My heart took a dive. “Come on in,” I said. “But Sonia isn’t here.”

“She isn’t here?” Wesley stepped in and scanned the foyer as if Sonia might be hiding in the umbrella stand. The search stopped at the blank wall.

“She got you to take down the mirrors,” she said.

“No, she did it herself,” I said. “The hard way. You want some coffee?”

“Try and stop me.”

While I brewed another pot and brought out the banana nut muffins Bethany and I had made the day before—with raw instead of refined sugar—I brought her up to date. Even as I told the weekend’s story, including a rendition of me fending off a few local reporters who’d gotten wind of the FBI’s presence, I had a hard time believing all of that had happened in just three days.
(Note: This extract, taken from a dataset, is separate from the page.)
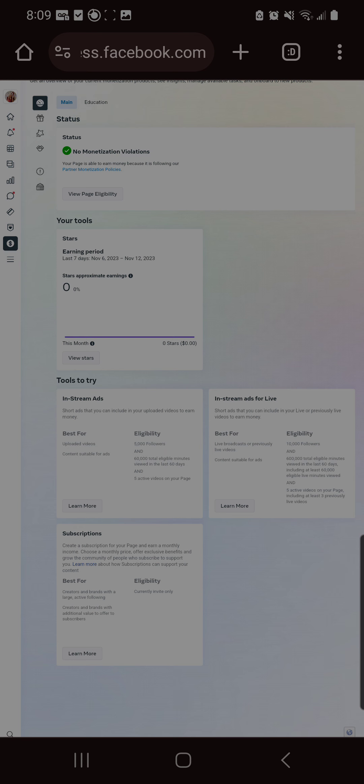If you're getting a bunch of violations, honestly, it's just whatever system that they have in place to detect what content is appropriate is not good.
Wesley listened with her warm-oil eyes, giving the occasional nod and stirring her coffee in a meditative fashion. I sank onto a stool beside her when I was finished, spent but somehow calm, as if merely saying it all took some of its bite away.

I hesitated to say it, but I had to. “I’m glad you came by,” I said.

Wesley pulled in her chin in that way she had. “I didn’t just come by. Sonia told me Friday she wanted to work with me twice a day. I’m here for my morning shift.”

“She said that?” I shook my head. “That was before the FBI showed up and triggered the whole mirror-smashing thing, I guess.”

“Miss Sonia was ready to smash things long before that. She’s right where she needs to be.”

“Absolutely.”

“And where does that leave you?”

I shrugged. “Here with Bethany. I’m definitely not leaving her now, with all this going on . . .”

I let that trail off. Wesley lowered her head to look at me.

“What?” she said.

What was the thing Sullivan and I talked about—how I needed to become I. Why that came to me at that moment I didn’t have a clue, but I reached for the wisp and pulled it in.

“I know what I’m doing for Bethany,” I said. “But I don’t know what I’m doing for me.”

A smile rose on Wesley’s face. “Well, I know a good place to start. Pick you a bathing suit, girl. We are goin’ swimmin’.”